Kemarin (17/6/2013) saya ke Goethe Haus yang terletak di Jl. Sam Ratulangi, Menteng, Jakarta Pusat untuk meminjam sejumlah buku anak-anak untuk murid saya yang membutuhkan bahan bacaan. Kadang-kadang bosan juga kan kalau selalu membaca bahan pelajaran. Untuk variasi, boleh juga kita membaca bahan bacaan lain, misalnya buku anak-anak.
Karena murid-murid saya masih level A1, baru belajar dua minggu pula, jadinya pasti kosa katanya masih terbatas. Sehingga saya mencari buku dengan kosa kata sederhana dan grammatiknya masih Präsens (tense untuk kala kini). Kebanyakan buku cerita dibuat dalam bentuk Präteritum (tenses untuk kala lampau). Buku seperti ini ada, tapi jarang. Mungkin lain kali saya mesti mengusulkan ke Goethe Haus untuk menyediakan lebih banyak buku anak-anak dengan tense Präsens dan sederhana, karena di Austria banyak sekali buku anak-anak yang ditulis dengan tense Präsens. Saya beli beberapa :D
Setelah pilih-pilih saya mendapatkan 4 buku. Di rumah saya baru mulai membaca buku pertama yaitu "Meine Füße sind der Rollstuhl". Sesuai dengan judulnya, buku ini bercerita dari sudut pandang Margit, seorang anak kecil yang mengalami keterbatasan bergerak sehingga harus menggunakan kursi roda. Menurut saya, kisah ini begitu menarik dan menantang dan sesuai dengan konteks kekinian dan sudut pandang yang berbeda yang sepertinya jarang disentuh oleh penulis cerita anak-anak di Indonesia.

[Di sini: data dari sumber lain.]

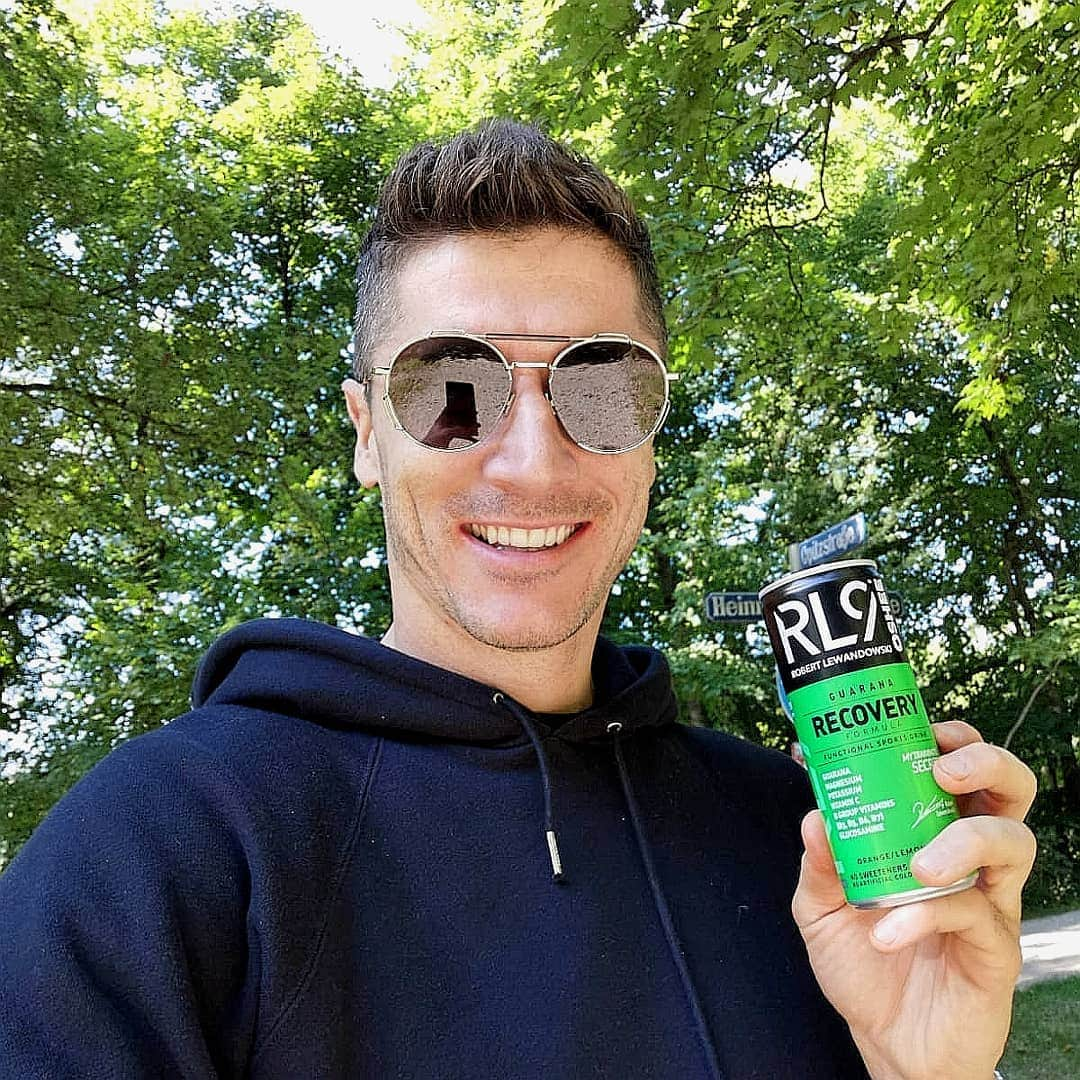 ロベルト・レヴァンドフスキさんのインスタグラム写真 - (ロベルト・レヴァンドフスキInstagram)「#AD Time for regeneration before the next challenges😉😎. My new #Recovery by @rl9pro #RL9byOSHEE 🤜🤛🙅🏻‍♂️」9月19日 23時54分 - _rl9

Hari itu Margit senang karena diminta ibunya untuk berbelanja di supermarket untuk pertama kalinya. Margit sendiri sudah dibiasakan untuk mandiri di dalam rumah. Jadi sang ibu memberikan tantangan baru bagi Margit untuk berbelanja di supermarket tanpa ditemani ibunya. Yang akan dibeli 1 liter susu dan 1 kantong apel berisi 6 buah.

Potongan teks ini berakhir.